The tribes in this region are known for their ability to jump very high. In the village, we get to look inside a house. I carefully duck low enough to get through the low doorway. The house is at most six meters deep. The children sleep in the back, the adults in front. Within the tribe, a man may have several wives. Each wife has her own house. When the staff stands in front of the house, the man is in that house. At the school, children sing a song. Here, children learn not only the Samburu language but also Swahili and English, which will help them later on. The tour ends at the village square. A long row of mats with homemade souvenirs is displayed. It looks like every woman in the village has laid out a mat. Dozens of women hope to sell something. I buy a necklace hoping to support the village, although the pushy selling doesn’t feel nice. At the end of the afternoon, we enter Samburu National Park for the third and final time. We have already spotted a lot of wildlife. Will we be spoiled even more? We start this game drive heading toward the river. At a waterhole stand some giraffes. They spread their front legs wide to be able to drink. Other giraffes keep watch. Patrick explains that a giraffe can only bend its head down briefly because otherwise, too much blood would rush to its head. With a strong swing, the giraffe comes back up. Further on stand several jeeps. Could something be there? We quickly drive there. Other jeeps rush over as well. Two young male lions lie in the bushes.

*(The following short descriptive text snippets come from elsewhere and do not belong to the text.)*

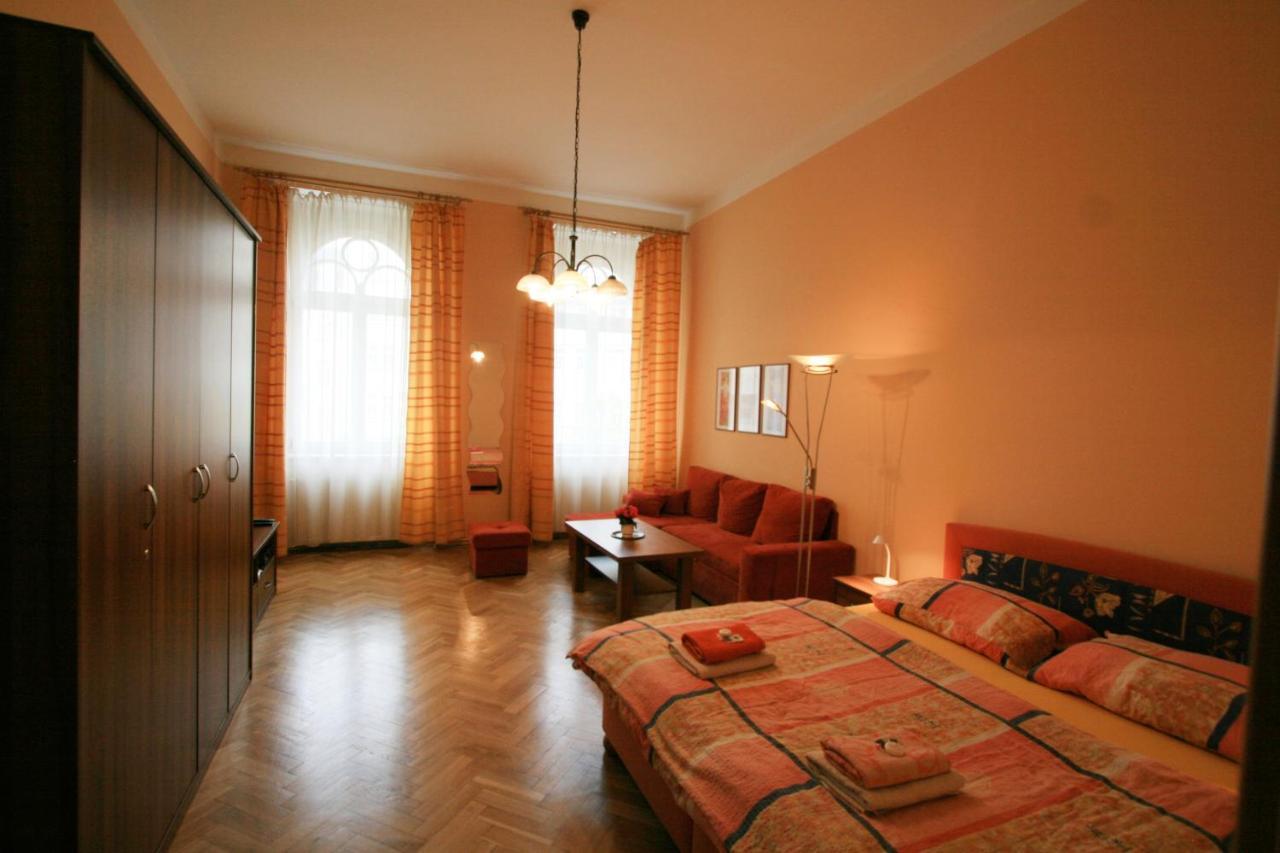 No. 19 Jaltska 3 * Karlovy Vary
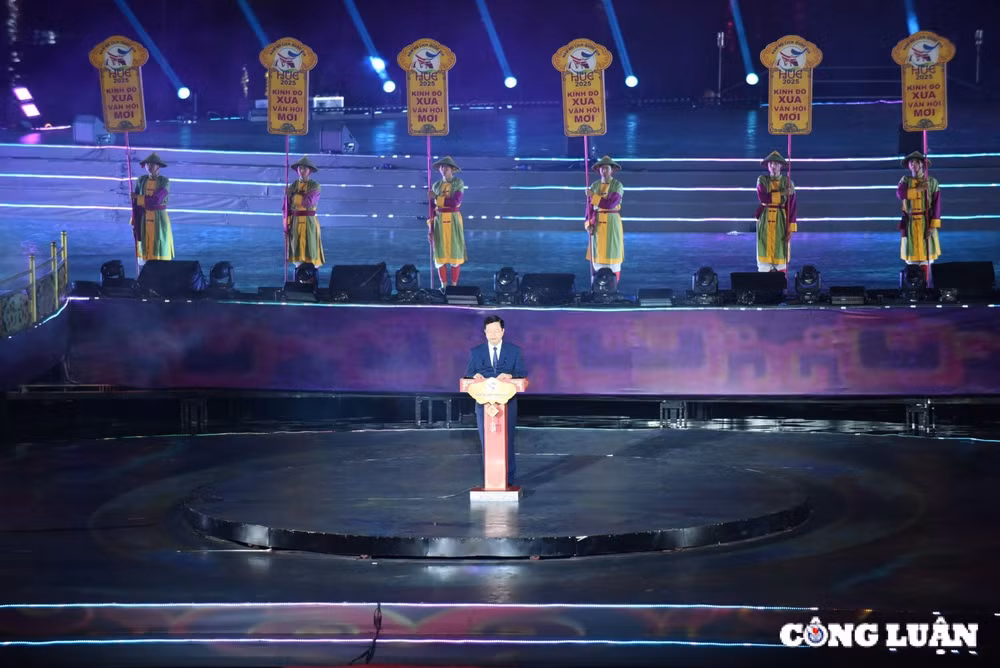 hoanh trang le khai mac nam du lich quoc gia hue 2025 hinh 1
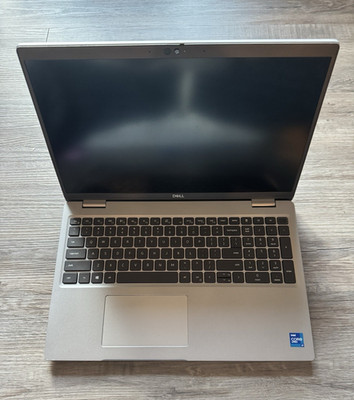 Dell Precision 3560 15.6'' i7-1185G7 32GB RAM Intel Iris Xe graphics NO SSD
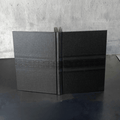 Carnet ou livre d'or noir en toile, couverture ouverte avec élastique au centre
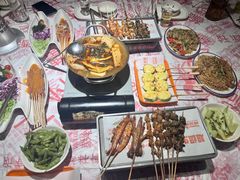 -威记烧嘢·南宁烧烤·超级生牛(绿地店)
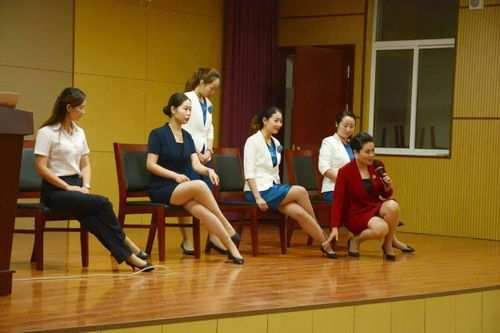 光山縣講解員服務(wù)禮儀與化妝造型培訓(xùn)在光山縣中等職業(yè)學(xué)校舉行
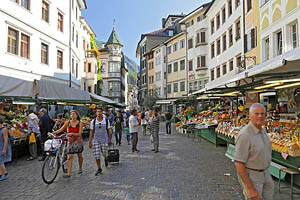 Bozen, Südtirol, Obstmarkt - [Nr.: bozen-obstmarkt-020.jpg] - © 2014 www.drescher.it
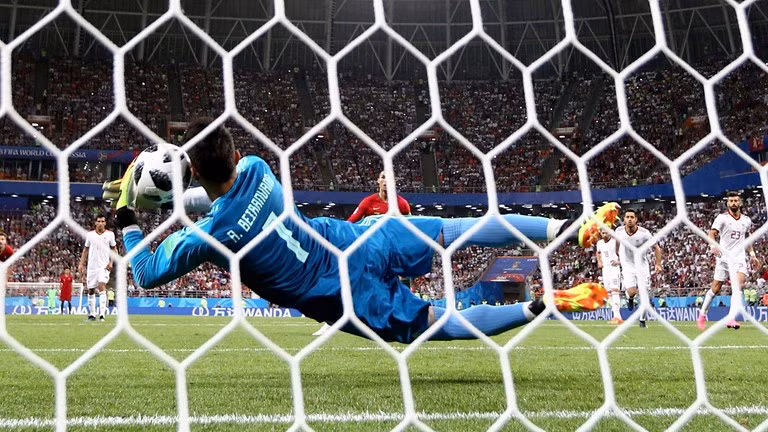 Ronaldo đá hỏng phạt đền, Bồ Đào Nha rơi ngôi đầu bảng ảnh 25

They glance up at the attention, then lie back down in the shade. Near the river, there is more greenery. Birds flutter away in the bushes and trees as we pass. A Somali ostrich runs away. It’s funny to see how the ostrich shakes its head while running. Among the greenery, a dik-dik antelope hesitates between staying still or running away. A dik-dik is one of the smallest antelopes in Africa. The little animals look nervous. While driving along the riverbank, we pass a group of elephants grazing right next to the road. It remains a beautiful sight to see the enormous animals. A young elephant, a few years old, plays among the herd. As the sun begins to set on the horizon, we arrive at the river. The water level is low. On the other side of the river, a group of seven giraffes feeds on a large bush. All necks reach the higher branches. A young giraffe bends over to drink from the river. A beautiful end to today’s trip. While driving back, we suddenly see a lion lying down. There are three lions lying in the shade. It’s the same group we spotted yesterday. Now they lie a few hundred meters further on. Just before the exit, a large group of zebras grazes. Until now, we had only seen individual zebras. The sun has already set when we arrive back at the eco-lodge. Sylvia is preparing dinner. There’s still some time before we eat. I quickly take a shower. The water in the large plastic tank has been warmed by the sun. In the primitive shower room, it’s nice to have a shower. At half past seven, the meal is ready: coconut rice, vegetables, and warthog meat. Delicious. I have never eaten warthog before.